In its lifetime, Cassini took more than 400,000 images of Saturn, its ring, and 53 moons. Cassini produced some of the most humbling, spectacular and stunning images since the dawn of human history.

However, NASA decided that it would be a safer option to plunge Cassini to Saturn rather than risking contaminants from space entering our earthly environment. NASA didn’t want to leave Cassini in Orbit because it would eventually crash into one of Saturn's moon. So a fiery death for the spacecraft seems to be the most logical option.

NASA dove Cassini into Saturn's dense atmosphere where it broke apart, melted, and vaporized.

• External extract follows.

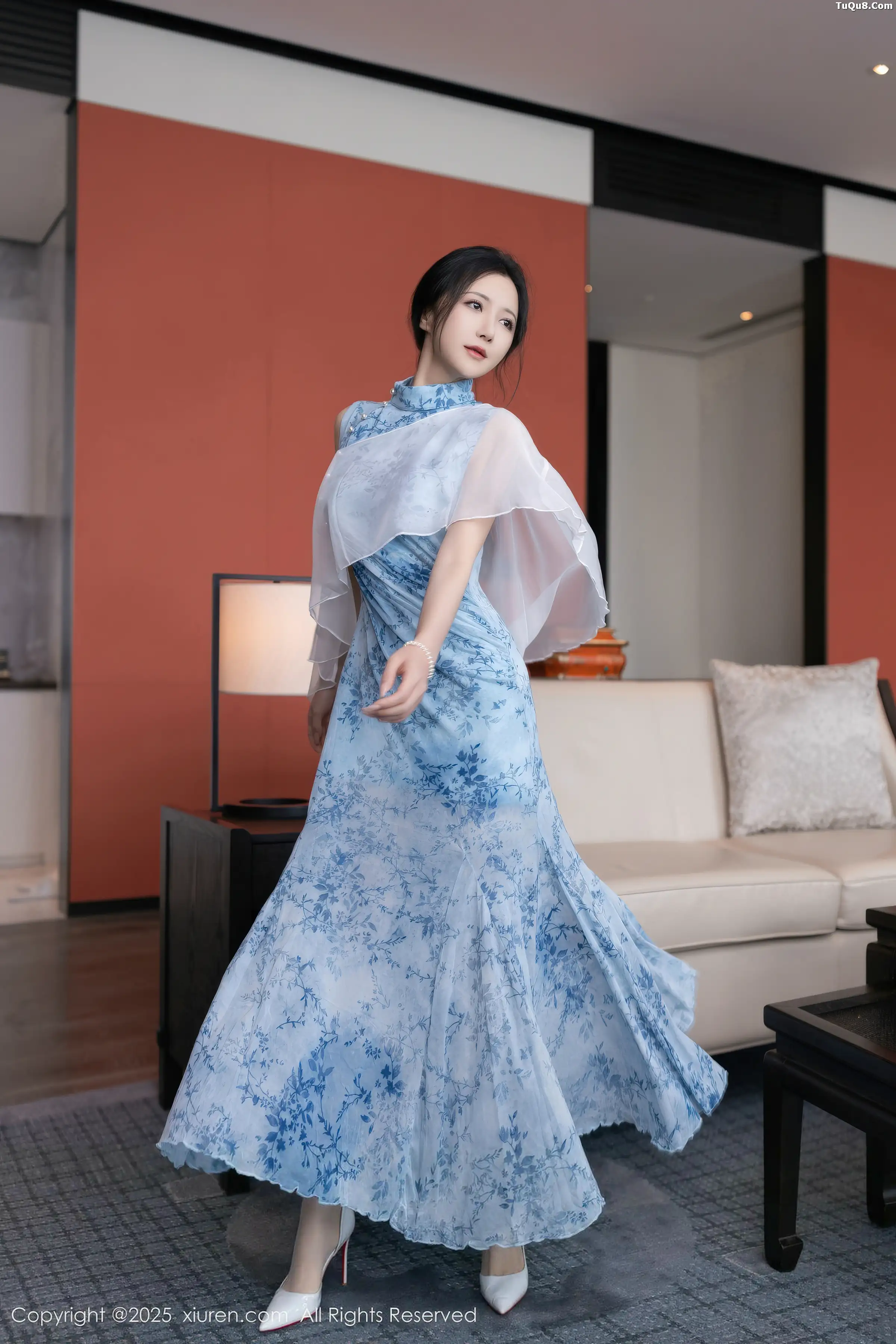 [XiuRen秀人网]第11133期鱼子酱写真 photo 1-2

Cassini became part of Saturn, a fitting end for this legendary voyager considering its main objective was to document the solar system's biggest planet and its relatively nearby systems.

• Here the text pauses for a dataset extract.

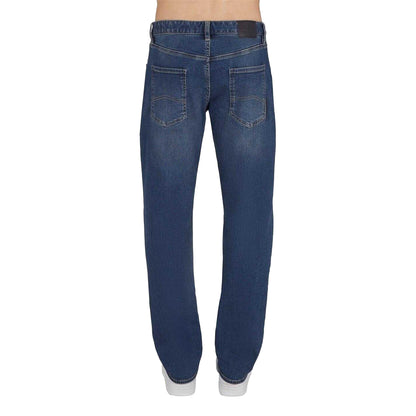 Mid Wash - Lifestyle - Tommy Hilfiger Mens Denim Slim Jeans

Saturn's North Pole. Source: Gizmodo

Since Saturn is very far from the planet Earth, Cassini met its end 83 minutes after the final signal which was received by the Canberra station in Australia.

On Sept. 8, Cassini initiated its final dive through the gap between Saturn and its innermost ring.

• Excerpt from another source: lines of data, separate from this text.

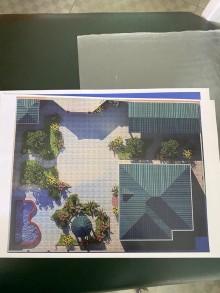 aquaparkin arxasinda bag evi satilir Novxanida, -20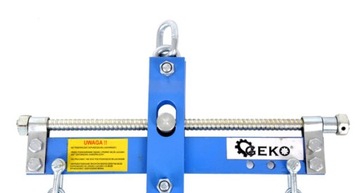 БАЛАНСИРОВКА КРАНОВОГО БЛОКА ДВИГАТЕЛЯ LISP TRAVEL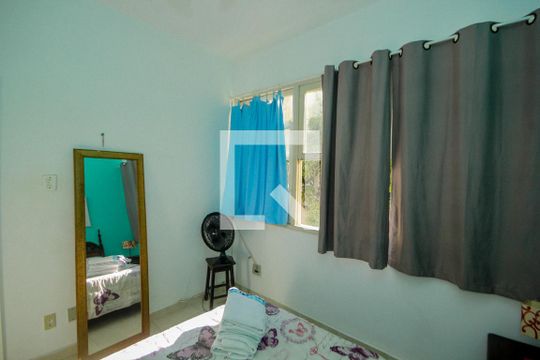 Quarto de apartamento para alugar com 1 quarto, 50m² em Copacabana, Rio de Janeiro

On Sept. 9, Cassini uploaded the final data of what's now considered as the "Last Grand Finale."

On Sept. 11, Cassini performed the "goodbye kiss" to Titan as it proceeded through its final flyby of Saturn's famous and largest moon.

Cassini's last view of Earth. Source: NASA

On Sept. 12, Cassini transmitted the final data of the Titan flyby.

On Sept 14, Cassini took its final up-close-and-personal images of Saturn. At this time, Canberra station in Australia took over in receiving the transmission data and the tracking of Cassini's progress.

On Sept 15, Cassini rolled on its side and took samples of Saturn's atmosphere. At its very final moments, Cassini fired its thrusters at 10% capacity at first and gradually increased to 100% thrust. As Cassini tumbled, its main antenna pointed away from Earth resulting in a loss of transmission.

The Team for the Final Mission

Saturn's moon Dione. Source: Fast Company

The team for the final mission is continually updated with the predicted moment of Cassini's final transmission.

The main variable was Saturn’s atmosphere density. We only have estimates of Saturn's atmospheric density. If it's denser than what we estimated, then this will cause Cassini's timeline to dilate. If the atmosphere is thinner than expected, then Cassini's final mission timeline may speed up.

One of Cassini's final raw images. Source: NASA

Cassini’s flight team meticulously tracked the final flight path. How Cassini altered its course provided valuable insights on Saturn's atmosphere.

Cassini left Earth on October 15, 1997. It stayed mission active for 20 years. Upon leaving Earth, Cassini brought along the Huygens lander, a lander probe that landed on Titan. Hugyens’ mission was a success, and it was the first successful man-made landing on a moon other than Earth's moon. Cassini did 4 major missions which were all considered a success.